Writing letters now was like throwing stones into a bottomless pool. They sank without a trace. No point in telling the family which gang you worked in and what your foreman, Andrei Prokofyevich Tyurin, was like. Nowadays you had more to say to Kildigs, the Latvian, than to the folks at home.

This passage from Section 4, in which Shukhov ruminates about the uselessness of writing letters, is an example of Solzhenitsyn’s use of the literary device known as free indirect discourse. Free indirect discourse is a way of writing in which a narrator speaks in the third person but communicates a character’s private thoughts. The narrator of the novel is not Shukhov. However, the narrator communicates Shukhov’s inner thoughts and desires without differentiating them from his own. An example in this passage is the narrator’s statement that there is no point in telling one’s family about Tyurin. Solzhenitsyn thus turns Shukhov’s private thought about pointlessness of communicating home after so much time in the camp into one with which we can all identify.
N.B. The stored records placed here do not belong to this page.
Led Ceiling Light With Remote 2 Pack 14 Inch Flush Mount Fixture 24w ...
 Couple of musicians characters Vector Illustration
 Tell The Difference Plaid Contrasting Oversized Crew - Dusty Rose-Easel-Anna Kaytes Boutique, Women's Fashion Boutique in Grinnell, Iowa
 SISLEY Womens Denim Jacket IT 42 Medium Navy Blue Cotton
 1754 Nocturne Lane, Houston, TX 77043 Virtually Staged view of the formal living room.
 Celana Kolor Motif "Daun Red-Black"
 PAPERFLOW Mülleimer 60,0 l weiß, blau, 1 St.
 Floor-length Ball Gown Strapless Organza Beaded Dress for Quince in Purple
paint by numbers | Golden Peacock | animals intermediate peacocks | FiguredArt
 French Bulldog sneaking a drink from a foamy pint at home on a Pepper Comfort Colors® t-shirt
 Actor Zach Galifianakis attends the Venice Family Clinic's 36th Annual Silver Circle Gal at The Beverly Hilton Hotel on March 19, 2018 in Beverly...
Shukhov’s dismissive attitude toward letter-writing shows how much Shukhov has changed in the last decade. In the duration of ten years, home has receded to a very distant place in his mind. He very rarely even thinks about his wife and daughters. He is not angry or resentful toward his family; they have simply vanished from his consciousness. They, as much as the letters, have “s[u]nk without a trace” into the bottomless pool of Shukhov’s heart. The fact that the family members are never named, while Kildigs and Tyurin are both carefully identified by both name and nationality, shows where Shukhov’s attention lies nowadays. His reference to “home” is ironic, since his camp is now his real home.